> Task to complete
Filter the records below and copy every line containing the word "Image".

[Source data]
╔══
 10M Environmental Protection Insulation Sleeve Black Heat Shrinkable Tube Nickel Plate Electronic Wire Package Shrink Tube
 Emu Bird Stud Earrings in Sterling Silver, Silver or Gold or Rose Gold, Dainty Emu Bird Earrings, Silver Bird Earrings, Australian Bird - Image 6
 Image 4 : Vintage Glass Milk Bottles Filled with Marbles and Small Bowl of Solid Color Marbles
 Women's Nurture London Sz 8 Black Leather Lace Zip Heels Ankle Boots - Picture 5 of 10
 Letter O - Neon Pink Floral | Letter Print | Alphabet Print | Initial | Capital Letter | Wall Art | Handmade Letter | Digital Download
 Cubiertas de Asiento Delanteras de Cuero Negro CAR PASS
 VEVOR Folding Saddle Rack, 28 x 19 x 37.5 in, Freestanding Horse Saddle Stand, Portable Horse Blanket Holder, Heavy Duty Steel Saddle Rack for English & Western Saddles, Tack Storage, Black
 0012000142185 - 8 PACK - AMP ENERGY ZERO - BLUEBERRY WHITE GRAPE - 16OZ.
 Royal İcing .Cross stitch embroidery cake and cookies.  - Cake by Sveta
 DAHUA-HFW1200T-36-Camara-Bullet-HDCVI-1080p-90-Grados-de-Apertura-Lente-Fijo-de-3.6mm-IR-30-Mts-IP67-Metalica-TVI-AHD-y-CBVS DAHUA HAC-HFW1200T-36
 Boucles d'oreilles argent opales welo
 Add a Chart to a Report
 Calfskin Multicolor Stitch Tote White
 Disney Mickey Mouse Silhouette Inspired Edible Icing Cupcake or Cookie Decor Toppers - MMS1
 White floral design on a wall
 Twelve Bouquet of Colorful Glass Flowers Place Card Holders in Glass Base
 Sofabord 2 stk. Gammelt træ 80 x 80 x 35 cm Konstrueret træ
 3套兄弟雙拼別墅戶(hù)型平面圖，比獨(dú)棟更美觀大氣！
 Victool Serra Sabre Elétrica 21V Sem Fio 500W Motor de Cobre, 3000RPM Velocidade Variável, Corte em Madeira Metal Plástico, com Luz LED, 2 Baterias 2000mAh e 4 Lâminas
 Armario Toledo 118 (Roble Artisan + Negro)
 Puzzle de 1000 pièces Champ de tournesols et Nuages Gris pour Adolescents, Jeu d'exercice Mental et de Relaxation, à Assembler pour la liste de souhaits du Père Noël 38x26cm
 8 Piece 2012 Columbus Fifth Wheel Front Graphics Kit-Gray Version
╚══
> Output of the task
 Emu Bird Stud Earrings in Sterling Silver, Silver or Gold or Rose Gold, Dainty Emu Bird Earrings, Silver Bird Earrings, Australian Bird - Image 6
 Image 4 : Vintage Glass Milk Bottles Filled with Marbles and Small Bowl of Solid Color Marbles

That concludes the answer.